CAS integration: (was 401 Unauthorized) now is: Index of /

On the server where OOD is installed yes this exists:

ls -l /home/mysuser/test_jobs/
total 0
[myuser@openondemand ~]$ ls -ld /home/myuser/test_jobs/
drwxr-xr-x 2 rk3199 domain users 6 Oct  7 11:18 /home/myuser/test_jobs/

Now that I switched to the production server I had to create that directory.

So there must be some confusion between where OOD is installed and the actual cluster login/submit node.

I get this error:

Job has status of completed

Output file from job does not exist: 

/home/myuser/test_jobs/output_ourcluster_2024_10_07t15_06_54_04_00_log
Test for 'ourcluster' FAILED!
Finished testing cluster 'ourcluster'

However the log file on production exists:
/home/myuser/test_jobs/output_ourcluster_2024_10_07t15_06_54_04_00_log

And its contents:
TEST A B C

Is there a misconfiguration?

The web node needs the same $HOME mount point that the cluster has. OnDemand uses the files in your $HOME to prep the job (on the web node side) and to react from the job.

For example the job has to write what host it’s on when the job is running. It writes this to a file in your $HOME that OnDemand (on the web node) reads so it knows where to proxy request to.

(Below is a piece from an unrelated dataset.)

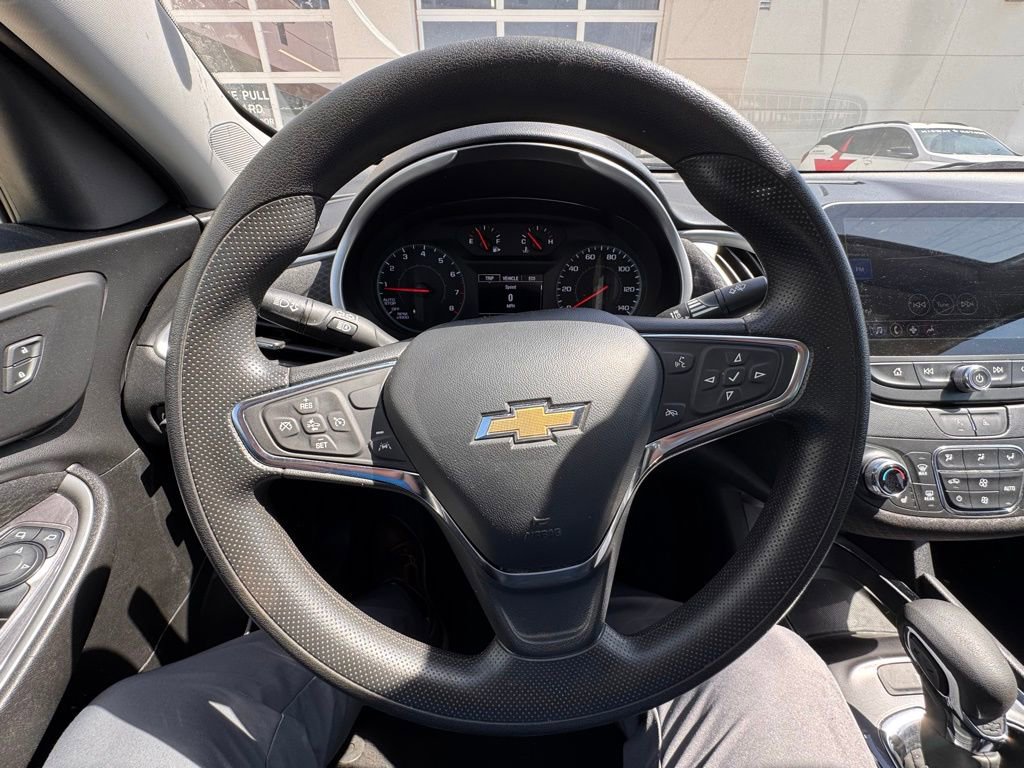 Used 2023 Chevrolet Malibu LT FWD image 12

Got it ok I mounted /home. What would cause this error?

The cluster config for ourcluster has a problem: (<unknown>): did not find expected key while parsing a block mapping at line 2 column 1

Edit: now it’s:
The cluster config for **ourcluster** has a problem: (<unknown>): did not find expected key while parsing a block mapping at line 8 column 6

 1 ---
 2 v2:
 3    metadata:
 4	title: "Ourcluster"
 5    login:
 6	host: "ourcluster.ouruni.edu"
 7    job:
 8	adapter: "slurm"
 9	submit_host: "ourcluster.ouruni.edu"
10	ssh_hosts:
11        - ourcluster.ouruni.edu
12	cluster: Ourcluster

Is there an indentation problem?

Yes, it should have this format. I pull this directly from the documentation.

---
v2:
   metadata:
     title: "My Cluster"
   login:
     host: "my_cluster.my_center.edu"
   job:
     adapter: "slurm"
     cluster: "Ourcluster"
     conf: "/path/to/slurm.conf"
     submit_hosts:
       - ourcluster.ouruni.edu

I used a JSON tester and it validated what could be causing the error?

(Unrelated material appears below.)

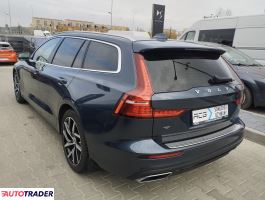 Volvo V60 2019 2.0 150 KM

The cluster config for **ourcluster** has a problem: (<unknown>): did not find expected key while parsing a block mapping at line 8 column 6

---
v2:
   metadata:
     title: "Axon"
   login:
     host: "ourcluster.ouruni.edu"
   job:
     cluster: "Ourcluster"
     adapter: "slurm"
     conf: "/etc/slurm/slurm.conf"
     submit_hosts:
       - ourcluster.ouruni.edu
     bin: "/sbin" 
     bin_overrides:
       sbatch: "/usr/bin/sbatch"
       squeue: "/usr/bin/squeue"
       scontrol: "/usr/bin/scontrol"
       scancel: "/usr/bin/scancel"
     strict_host_checking: false
     copy_environment: false

Line 8 is the cluster: "Ourcluster" line

Maybe you need to restart your webserver (in the help menu) to pick up the new/valid configs?

Indeed that got me past the error. I thought systemctl restart httpd would take care of that.

How can I troubleshoot why Jobs are not displaying, No data available in table?

sudo su myuser -c 'scl enable ondemand -- bin/rake test:jobs:ourcluster RAILS_ENV=production'
Testing cluster 'ourcluster'...
Submitting job...
rake aborted!
Errno::ENOENT: No such file or directory - /usr/bin/sbatch

It’s not seeing sbatch on the login/submit node?

You can see in the /var/log/ondemand-nginx/$USER/error.log exact commands we issue (grep for execve or squeue or similar).

You can issue these same commands to replicate. Also note that in activejobs you may have some filter turned on like only show my jobs or only show my jobs on cluster X in which case you don’t actually have any jobs running.

OK why is it not finding these commands on the actual submit node?

App 829031 output: [2024-10-08 10:05:58 -0400 ] WARN "Error opening MOTD at \nException: bad URI(is not URI?): nil"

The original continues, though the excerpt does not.